Another approach is to recognize in Matthew 24:29-31 a symbolic panorama of earthly events depicted in typical apocalyptic language coined by and borrowed from the prophets, but which, while having undoubted fulfillment in Jerusalem's demise, may yet occur in all their cosmic literalness at the Lord's return. These cosmic disturbances are characteristic of the theophanies of both history and prophecy of the Old Testament, so why should they not also serve in New Testament history and prophecy as well? Although these suggestions cannot be ruled out categorically, enough evidence has been offered in the verse comments to indicate that Jesus spoke in a meaningful language to people familiar with His terminology. Correct exegesis, therefore, must proceed from the standpoint of what the prophets meant by language which Jesus utilized to communicate His own revelations to minds saturated with His Bible.
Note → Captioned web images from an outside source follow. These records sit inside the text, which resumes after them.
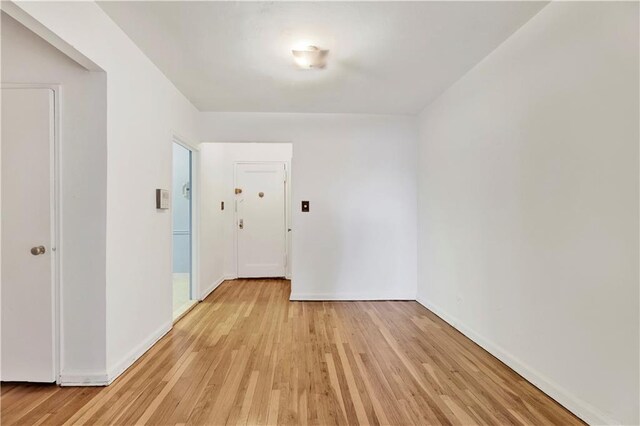 hall featuring baseboards and light wood finished floors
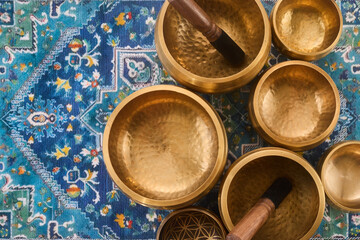 Singing Bowls on Ornate Rug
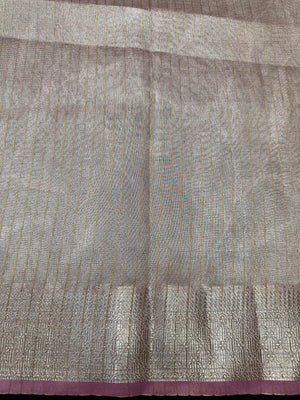 Woman wearing a Tussar Silk Saree with natural texture and subtle sheen, ideal for weddings, festivals, and cultural events.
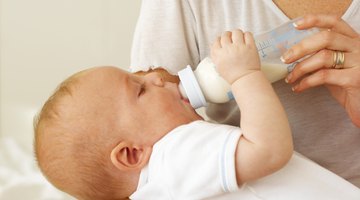 Woman feeding hungry baby with bottle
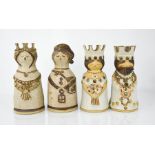 Four studio ware King and Queen figures.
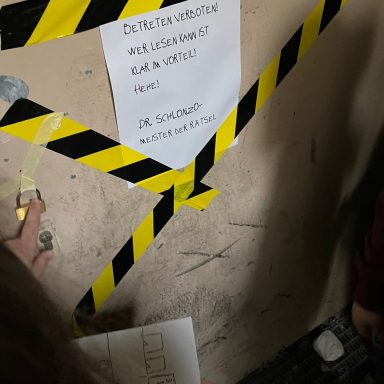 Ein Wandbereich mit gelben und schwarzen Warnstreifen und einem Hinweisblatt.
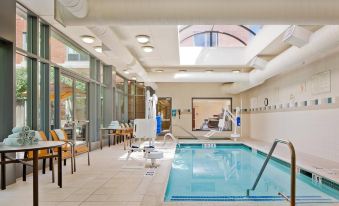 an indoor swimming pool with a diving board and chairs , surrounded by glass walls and tables at Courtyard by Marriott Boston Brookline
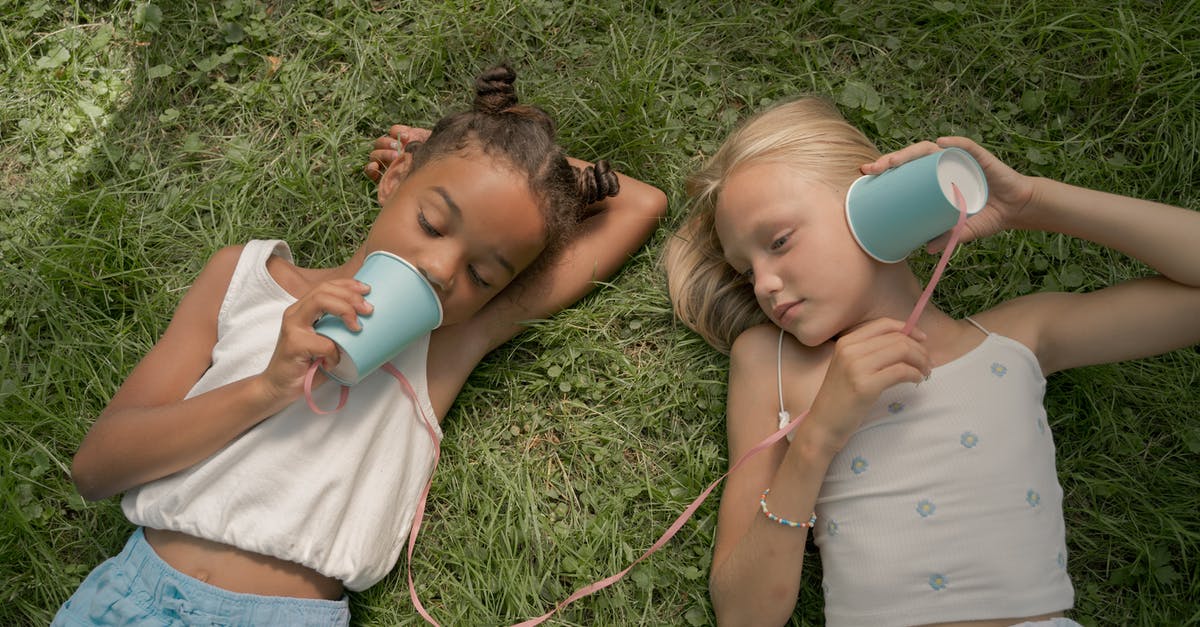 What are these two vegetables called? - Two Teenage Girls Laying on Grass and Playing Telephone Call Using Paper Cups on String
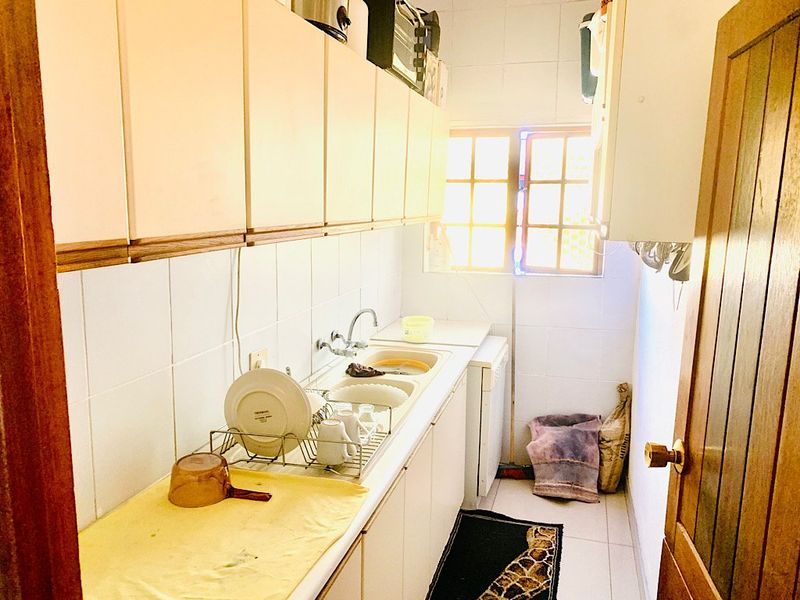 A functional scullery area featuring built-in cabinetry, a double sink, and tiled splashbacks, providing additional workspace and storage.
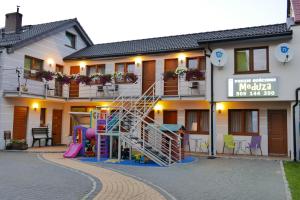 un hotel con parque infantil frente a un edificio en Pokoje Meduza Łeba, en Łeba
Because nothing is lost for the Second Coming, it is simply better to consider Matthew 24:29-31 as expressing the theological results of the end of the Jewish era, leaving the above-mentioned texts free to teach us about Christ's real coming, without our seeking some clue in Matthew 24 to the date of the Parousia when the Lord flatly denied any possible hope of success.

FACT QUESTIONS

1.

Define the tribulation of those days. To what days does Jesus refer by those days? How had He defined those days earlier? (Matthew 24:19-22). Identify the tribulation itself: what is a tribulation?

2.

In what sense is the Coming of the Son of man to be immediately after the tribulation of those days? How could all the majestic events Jesus included in this paragraph (Matthew 24:29 ff.) really occur immediately after the crises of the tribulation?

3.

Locate the Old Testament passages where the following expressions are used and give the interpretation intended by the Old Testament author in each case:

a.

The sun shall be darkened, the moon shall not give her light, the stars shall fall from heaven, the powers of the heavens shall be shaken.

b.

All the tribes of the earth shall mourn. To what tribes does the prophet refer? To what earth? What occasioned their mourning?

c.

The Son of man coming on the clouds of heaven with power and great glory: to what or whom was this Son of man coming when He approached on the clouds of heaven in the original reference?

d.

gather. a great trumpet: what was this trumpet used for in the original reference(s)?

e.

the four winds of heaven.

4.

Now, rewrite Jesus-' paragraph using the literal meaning of each phrase as you have gleaned it from the Old Testament prophets. That is, take His figurative language borrowed from the Prophets, and, as if you were writing for people unfamiliar with the Old Testament, express His literal meaning which would have been communicated to His original Jewish hearers familiar with the Old Testament.

5.

Establish with good reasons to what coming of the Son of man Jesus alludes.

6.

True or false? The better translation is All the tribes of the land (not earth) shall mourn. Defend your answer.

7.

What additional information does Luke add that helps to interpret this section?